-- Problem description --
Send back the data below exactly. Drop every picture.

*** Opening of Excerpted data ***

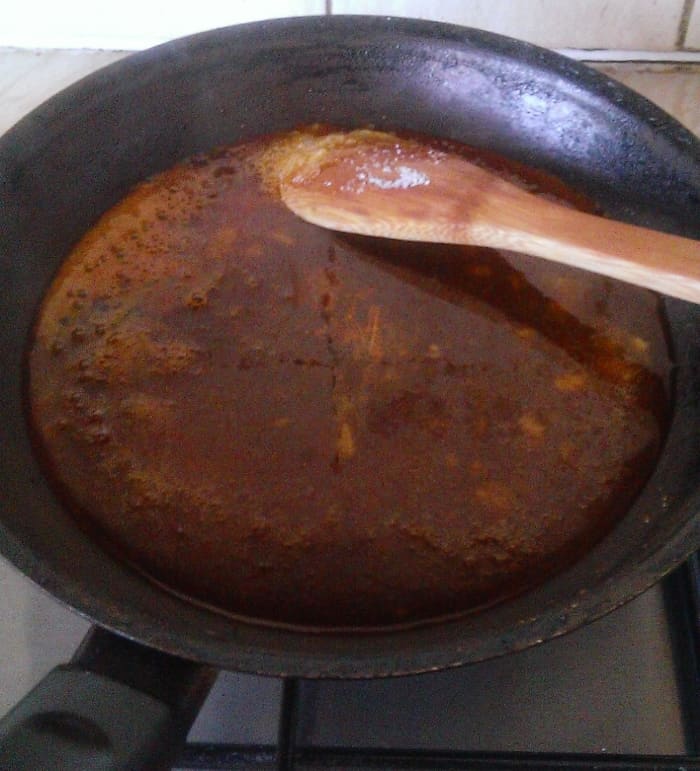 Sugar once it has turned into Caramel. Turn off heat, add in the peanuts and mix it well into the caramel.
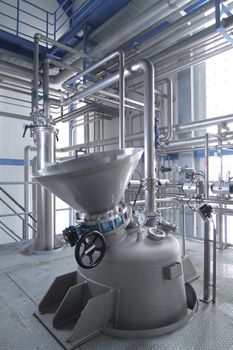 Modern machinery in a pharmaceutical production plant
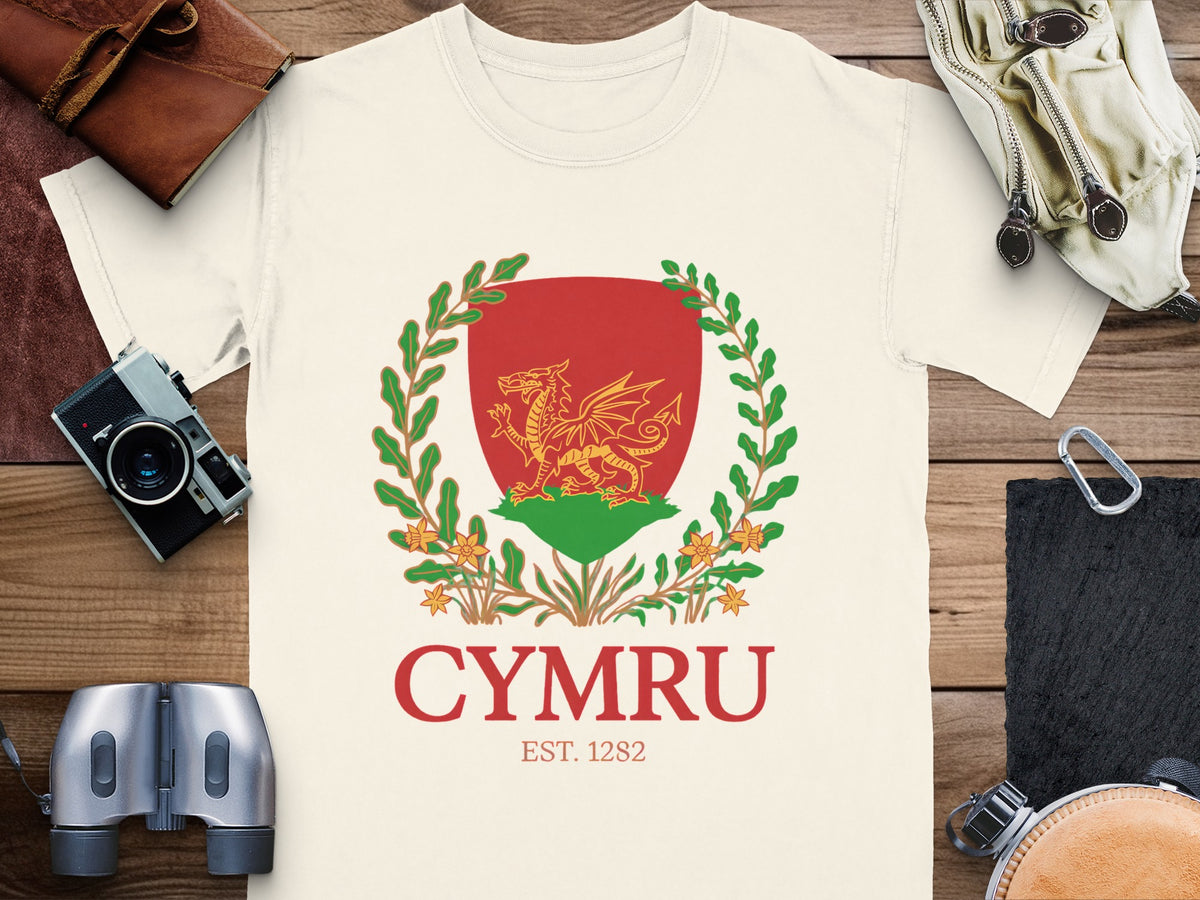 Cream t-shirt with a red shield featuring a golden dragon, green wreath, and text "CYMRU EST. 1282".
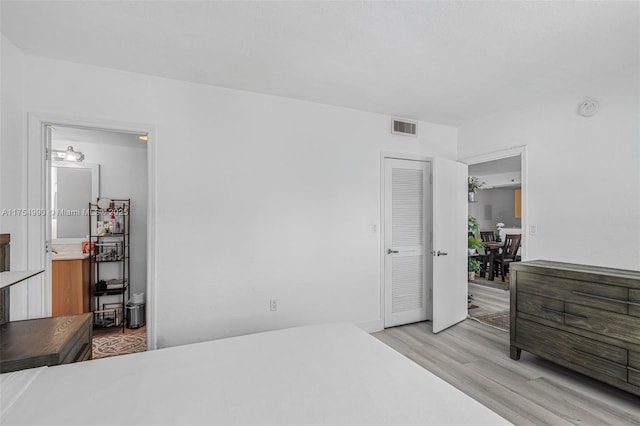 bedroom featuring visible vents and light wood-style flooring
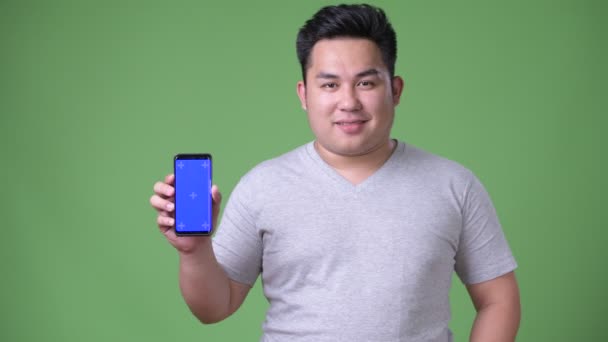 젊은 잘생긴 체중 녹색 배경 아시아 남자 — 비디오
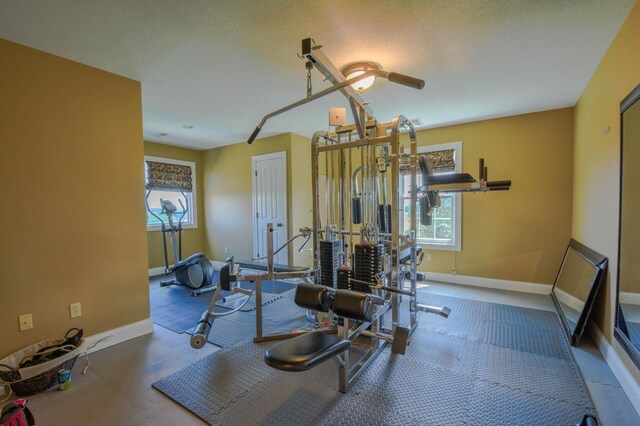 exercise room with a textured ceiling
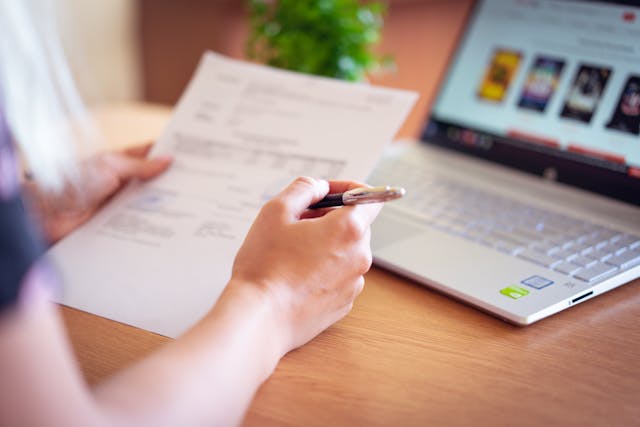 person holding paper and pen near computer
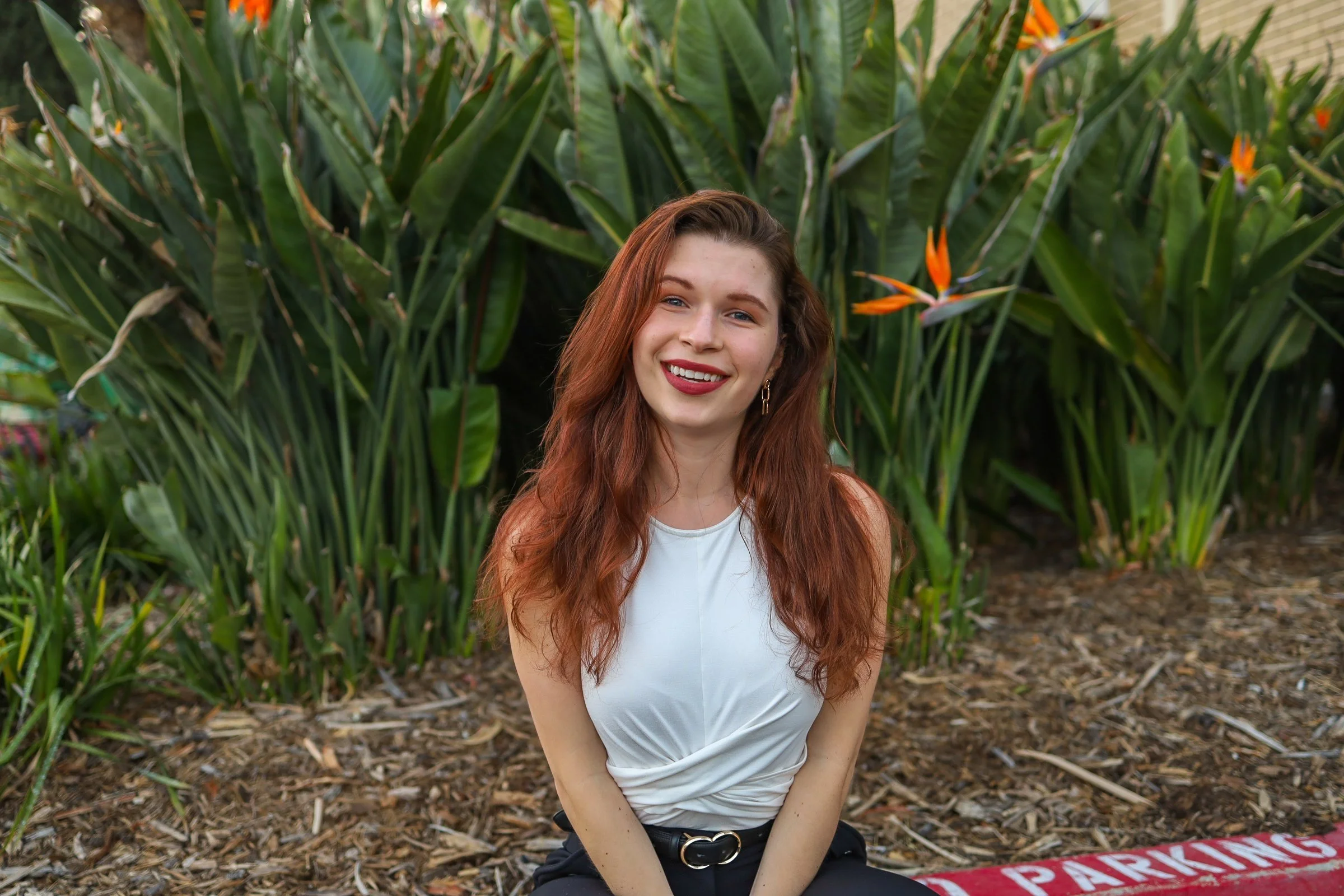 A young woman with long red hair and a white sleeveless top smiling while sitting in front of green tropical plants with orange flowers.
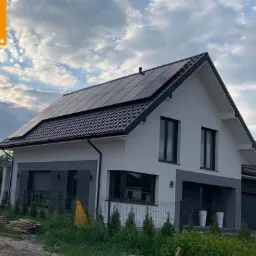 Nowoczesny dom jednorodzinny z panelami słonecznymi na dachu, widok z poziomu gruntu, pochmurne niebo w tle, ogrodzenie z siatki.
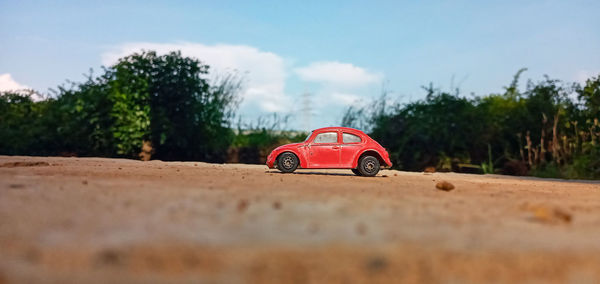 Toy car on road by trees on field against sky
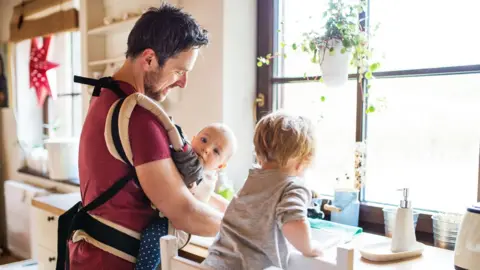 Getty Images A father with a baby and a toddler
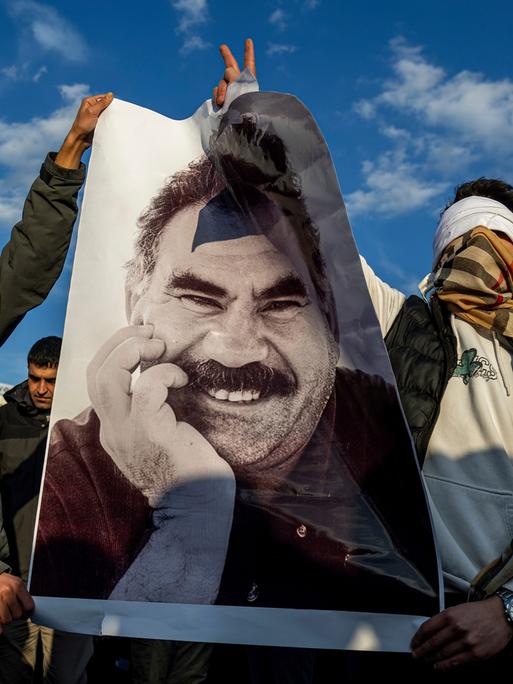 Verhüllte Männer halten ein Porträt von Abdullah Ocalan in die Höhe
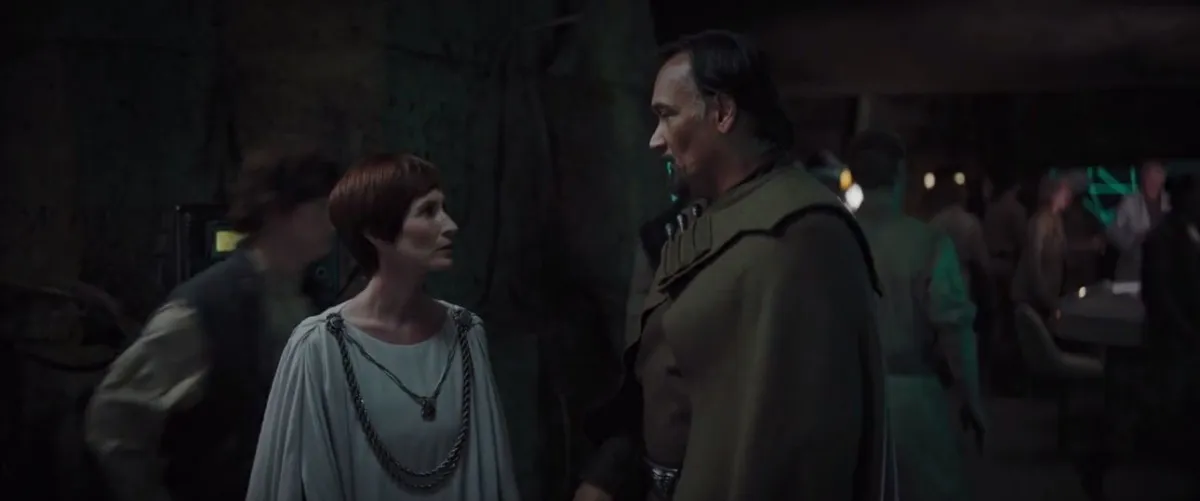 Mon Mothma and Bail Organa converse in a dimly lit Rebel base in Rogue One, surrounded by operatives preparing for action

*** Close of Excerpted data ***

-- Answer to this exercise --
 Sugar once it has turned into Caramel. Turn off heat, add in the peanuts and mix it well into the caramel.
 Modern machinery in a pharmaceutical production plant
 Cream t-shirt with a red shield featuring a golden dragon, green wreath, and text "CYMRU EST. 1282".
 bedroom featuring visible vents and light wood-style flooring
 젊은 잘생긴 체중 녹색 배경 아시아 남자 — 비디오
 exercise room with a textured ceiling
 person holding paper and pen near computer
 A young woman with long red hair and a white sleeveless top smiling while sitting in front of green tropical plants with orange flowers.
 Nowoczesny dom jednorodzinny z panelami słonecznymi na dachu, widok z poziomu gruntu, pochmurne niebo w tle, ogrodzenie z siatki.
 Toy car on road by trees on field against sky
 Getty Images A father with a baby and a toddler
 Verhüllte Männer halten ein Porträt von Abdullah Ocalan in die Höhe
 Mon Mothma and Bail Organa converse in a dimly lit Rebel base in Rogue One, surrounded by operatives preparing for action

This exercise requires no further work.